**Problem to work on**
What you copy should be the lines from the one with "Regant Lake Village, Kollam." through the end of the entries, word for word. Omit the pictures.

**Material supplied**

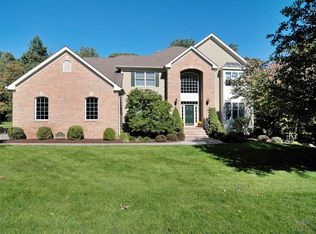 21 Talmadge Ln, Basking Ridge, NJ 07920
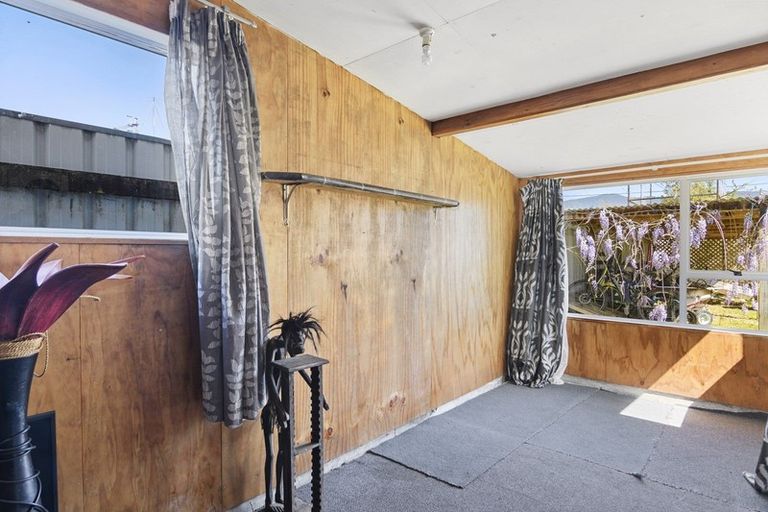 Photo of property in 176 Commercial Street, Takaka, 7110
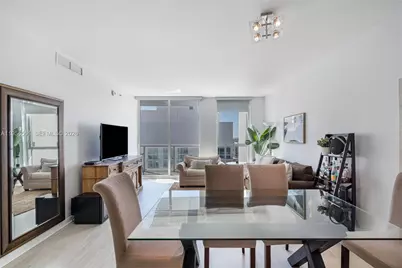 253 NE 2nd St #3104, Miami, FL 33132 - Photo 10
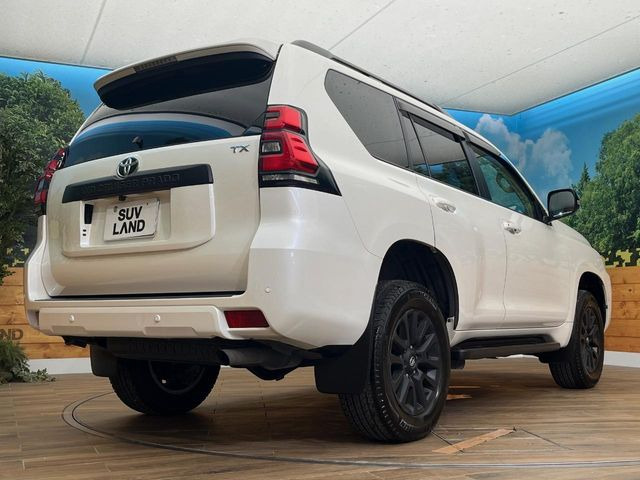 ☆全国のネクステージからお取り寄せが可能※!遠方の店舗に展示してあるクルマが気になる場合も、最寄りの店舗でご覧いただくことが可能です!是非私たちに要望をお聞かせください!※別途費用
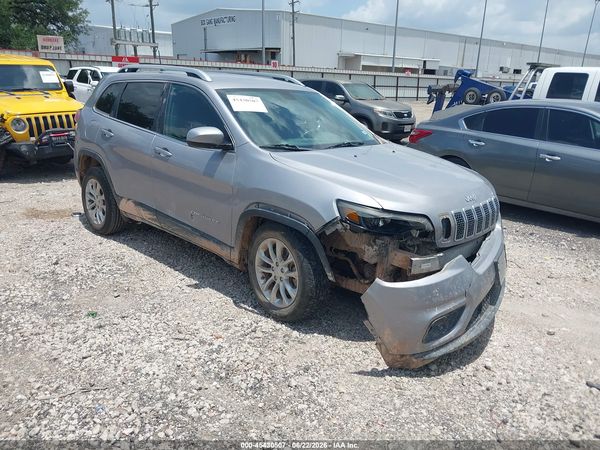 2019 JEEP CHEROKEE LATITUDE FWD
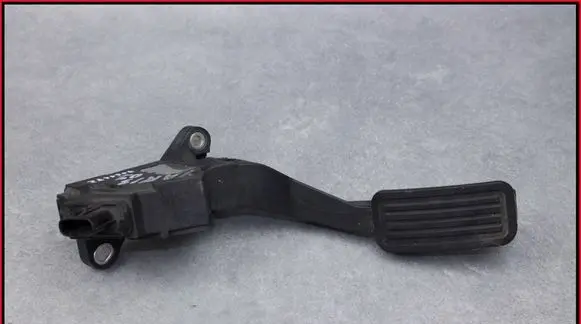 Toyota Yaris Accelerator throttle pedal 781100D010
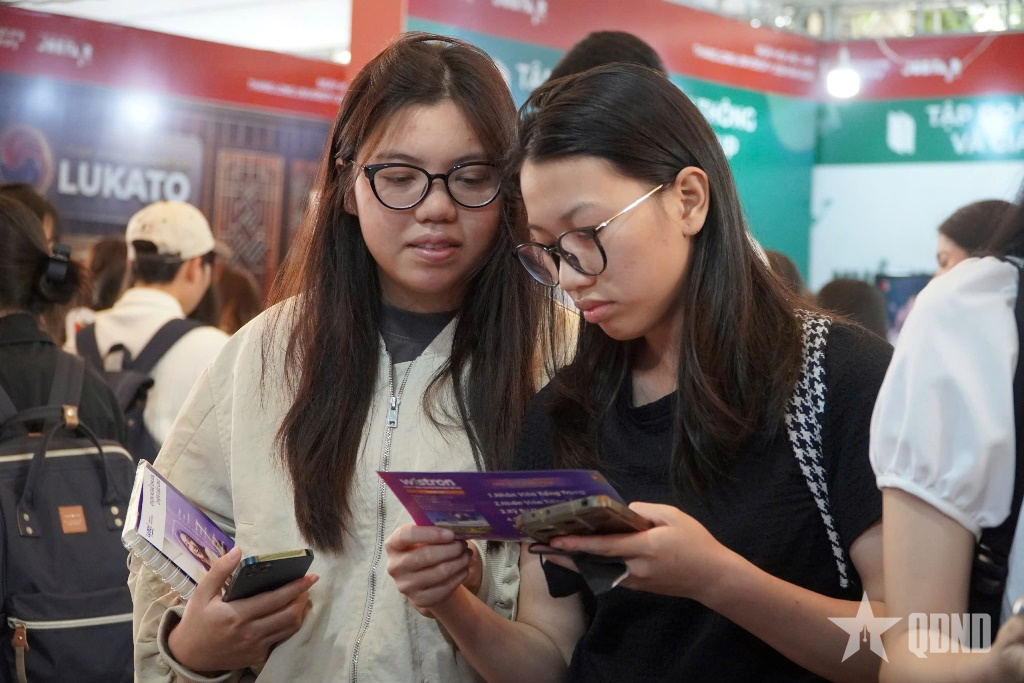 Gần 3.000 cơ hội việc làm tại Ngày hội việc làm Trường Đại học Thăng Long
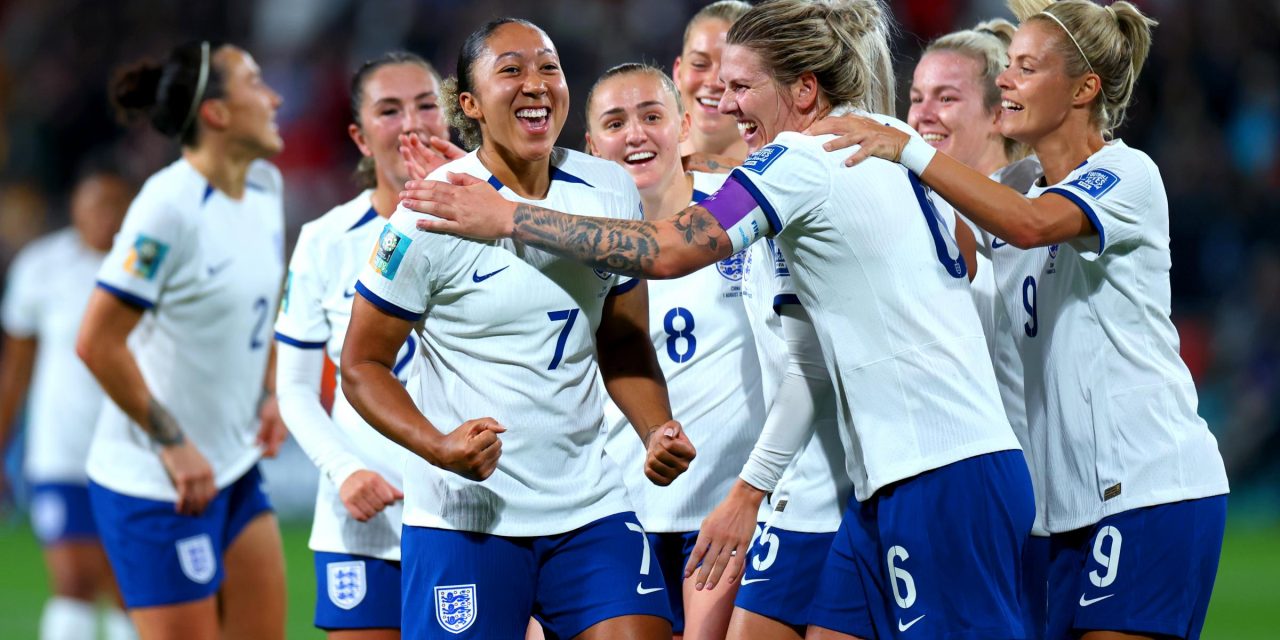 World Cup: Super England hit China for six to top group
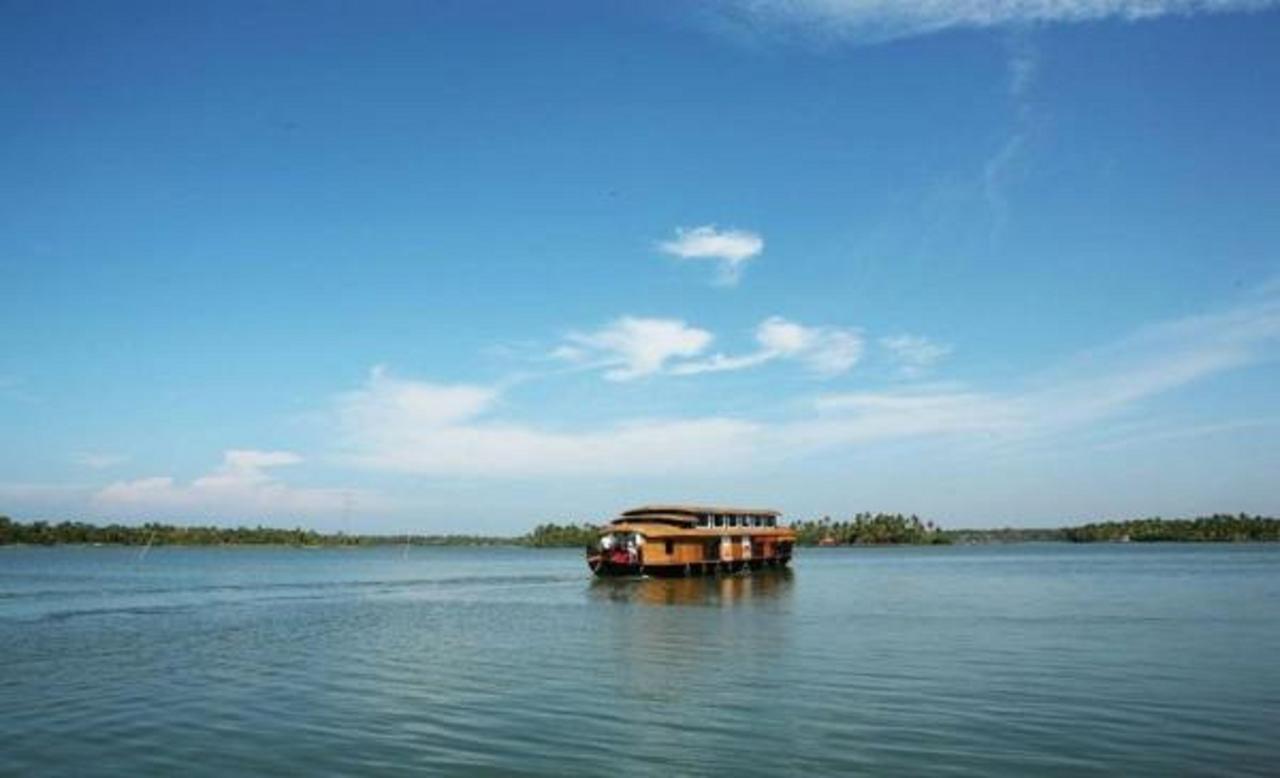 Regant Lake Village, Kollam. Chavara Extérieur photo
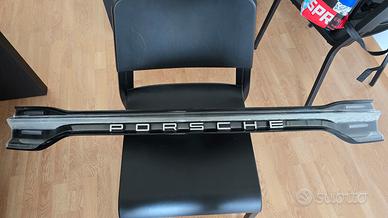 Fanale centrale Porsche Macan S  95B945308D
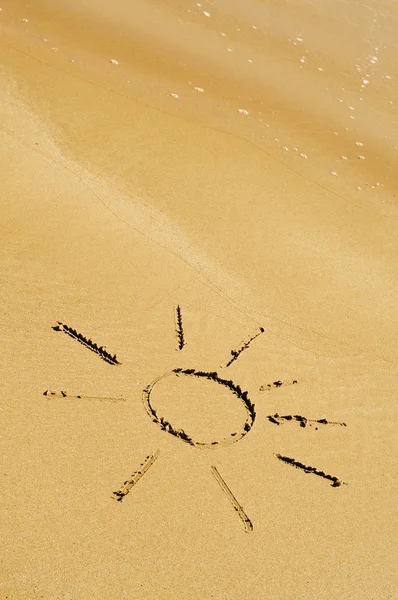 在沙滩上的太阳 — 图库照片
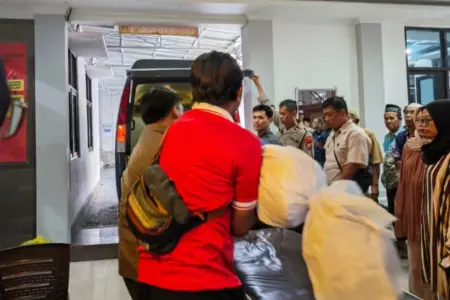 Perempuan Asal Malang Ditemukan Meninggal di Homestay Kediri, Polisi Pastikan Akibat Pecah Pembuluh Darah Foto BeritaJatim.com
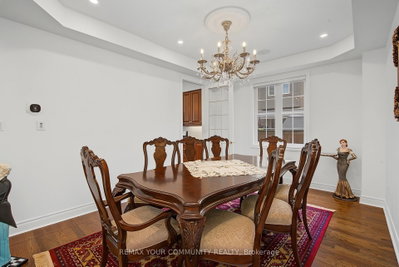 8 Yemina Gate • Vaughan, ON photo 9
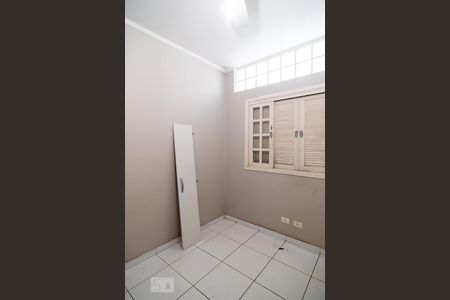 Casa à venda com 450m², 4 quartos e 3 vagasQuarto de Serviço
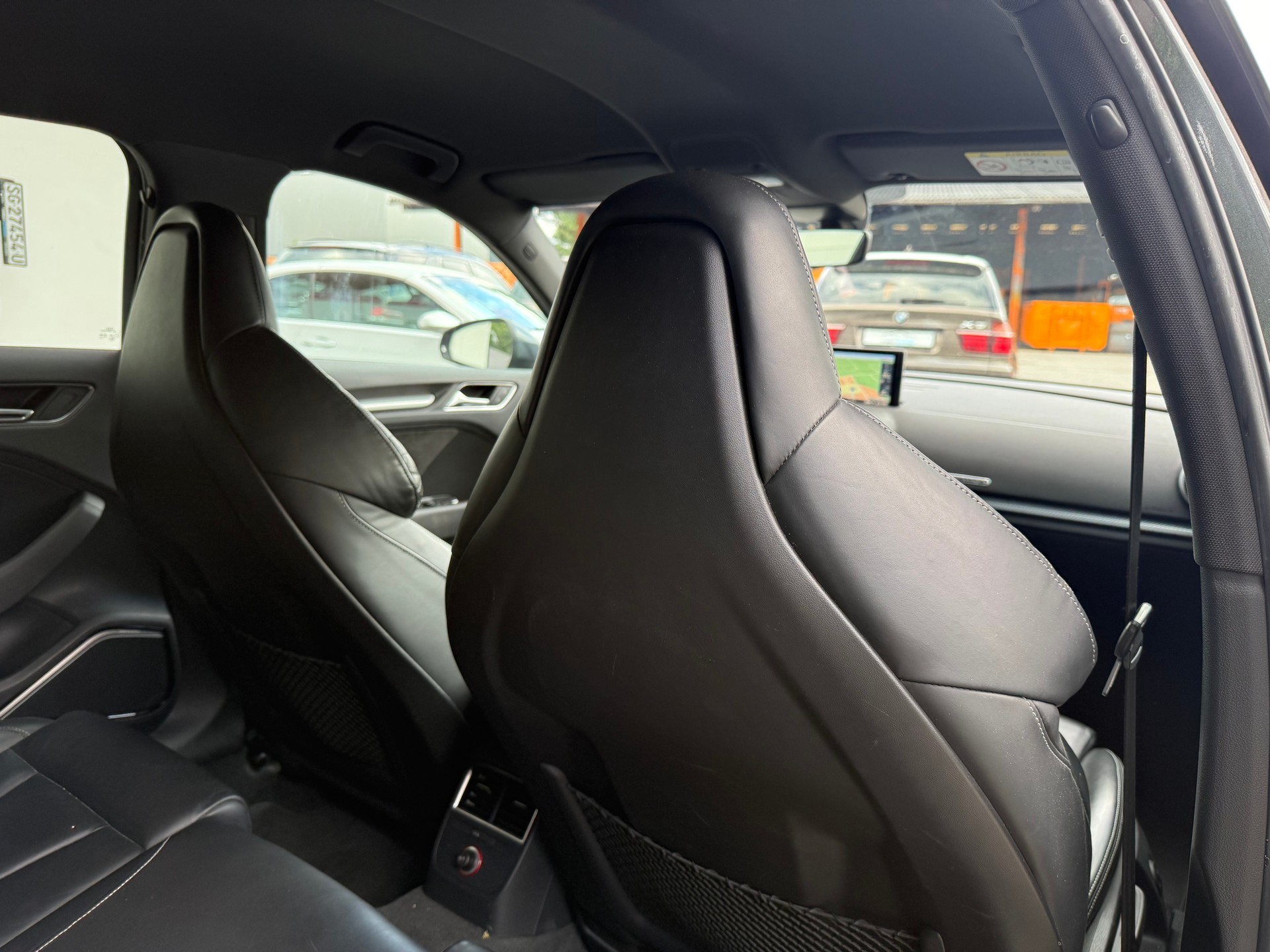 AUDI RS3 2.5 TSI quattro S-tronic-image-11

**Response below**
 Regant Lake Village, Kollam. Chavara Extérieur photo
 Fanale centrale Porsche Macan S  95B945308D
 在沙滩上的太阳 — 图库照片
 Perempuan Asal Malang Ditemukan Meninggal di Homestay Kediri, Polisi Pastikan Akibat Pecah Pembuluh Darah Foto BeritaJatim.com
 8 Yemina Gate • Vaughan, ON photo 9
 Casa à venda com 450m², 4 quartos e 3 vagasQuarto de Serviço
 AUDI RS3 2.5 TSI quattro S-tronic-image-11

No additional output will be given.